In June 2016, Christina Hernandez (shown on the left) and Joel Llopiz began to explore Atlantic Bluefin Tuna spawning in the Slope Sea: larval growth and retention while at the Woods Hole Oceanographic Institution with collaborator Glen Gawarkiewicz. The team planned to build and deploy 4 sets of drifters (3 drogued drifters to be released together) in the Slope Sea, an area between the Gulf Stream and northeast U.S. continental shelf, aboard the NOAA Gordon Gunter in June of 2017. “We are hoping to find patches of larval bluefin tuna where we can release drifters that will track the movements of the water surrounding the larvae as they grow.” Chrissy said in a blog entry. And while they collected plankton samples day and night, they did not find the evidence they were looking for in order to launch the drifters.
More from the Gunter cruise blog:
Atlantic bluefin tuna are one of the iconic marine fish species. Over the course of their seasonal migrations, individual bluefin tuna can occupy both nearshore and oceanic waters, swim across the ocean, and cross through international waters and the exclusive economic zones of multiple nations.
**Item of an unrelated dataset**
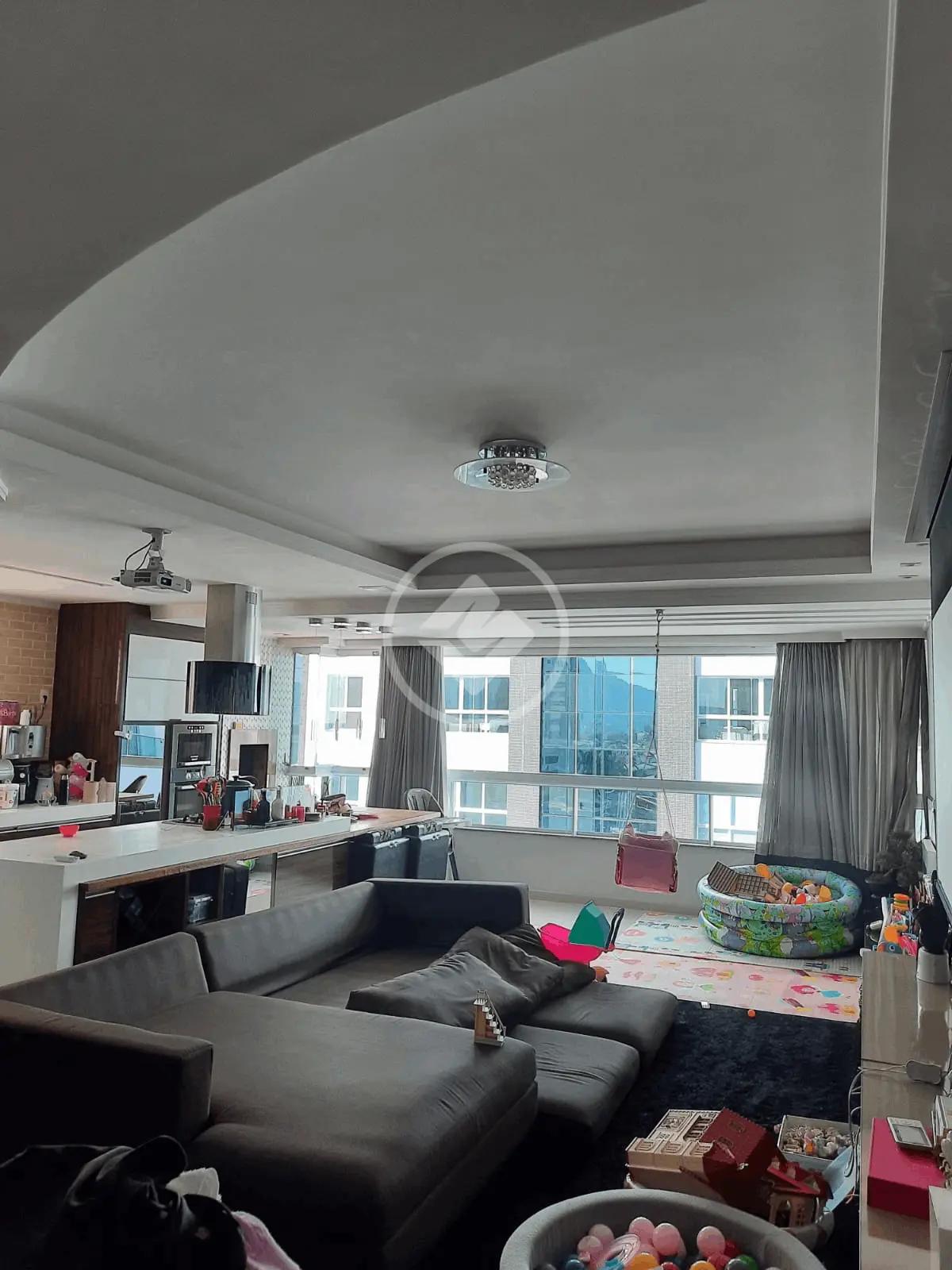 Apartamento Centro, Balneário Camboriú - SC — foto 2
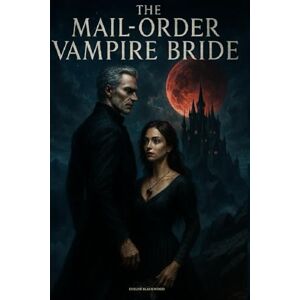 Blackwood, Evelyn The Mail-Order Vampire Bride: A Gothic Arranged Marriage Romance Blackwood, Evelyn The Mail-Order Vampire Bride: A Gothic Arranged Marriage Romance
These migrations expose bluefin tuna to a wide variety of fisheries, a factor that presents a notable challenge to managing this species.
In recent decades, the common view of Atlantic bluefin tuna was that they spawned only in two places, the Mediterranean Sea in the Eastern Atlantic and the Gulf of Mexico in the western Atlantic. However, in the summer of 2013 two cruises sampled the Slope Sea, both of them achieving noteworthy catch rates of early-stage bluefin tuna larvae. These collections were consistent with a hypothesis first put forward in the 1950s that the Slope Sea was a third spawning ground for this species. Follow up sampling in 2016 again achieved notable catch rates of bluefin tuna larvae.
Researchers aboard the NOAA Ship Gunter are evaluating the distribution and abundance of bluefin tuna larvae in the Slope Sea spawning ground. This cruise is sampling earlier in the season than previous Slope Sea cruises to provide us information on the regional start of the spawning season for this species.
While the focus of this cruise is on Atlantic bluefin tuna, one other exciting aspect of the project is that we are not certain of the full suite of other species we might collect or observe during visual surveys. The Slope Sea has long been hypothesized to be important in the life history of other species, besides Atlantic bluefin tuna, that support economically valuable fisheries off the northeast United States.
So in July, aboard the R/V Henry Bigelow they went, joining the turtle tagging team. They set out to address several research questions by towing neuston and bongo nets that are sampling at varying parts of the water column: “First, what plankton are found in these regions and under these environmental conditions, specifically, in the frontal zones between warm and cold waters? Second, are there any particular fish larvae found in the plankton that would help us improve understanding of the spawning locations? Third, can we use video recording to measure the presence of gelatinous zooplankton in the water, a major food source for leatherback turtles and, occasionally, loggerhead turtles as well?” The second question is what Chrissy’s focus was on.
One drifter (ID=176400672) headed out to sea into the Gulf Stream after a few rotations in the ring and was beyond the Azores in early Jan 2018..
One drifter (ID=176400671) spent an unusually-long time on the shelf edge after emerging from the ring before it finally advected along the shelf with help from Tropical Storms Jose and Maria. In early October, it was still in the shelfbreak jet off Delaware but eventually went silent in mid-December.
One of the drifters (ID = 176400673) was taken out of the water by F/V Sea Angel in early August. Chrissy met Capt Katz at the BlueWater Fisheries dock in Fairhaven and recovered all but the drogue. It appears the screw pin shackle may have come undone.
While traveling in and out of a warm core ring and identifying a few larvae from the plankton tows on July 11, the first 3 drifters were deployed. We thought the two deployed off the stern might have been tangled in the first day or two (halfway around the ring) but they appeared to separate eventually.
Blog from the Bigelow Ship July 11: “Our cruise track for the past few days has us (at night) going in and out of a warm core ring, which is a chunk of water from the Gulf Stream (so it’s warm and salty) that has spun away from the Gulf Stream and is now traveling up along Georges Bank (southeast of Cape Cod). What’s really interesting about sampling this warm core ring is that you can find completely different sets of animals when you do a tow inside or outside of the ring. So you can find tropical species in one tow, and more typical species for coastal New England in the next tow depending on where the ship is.”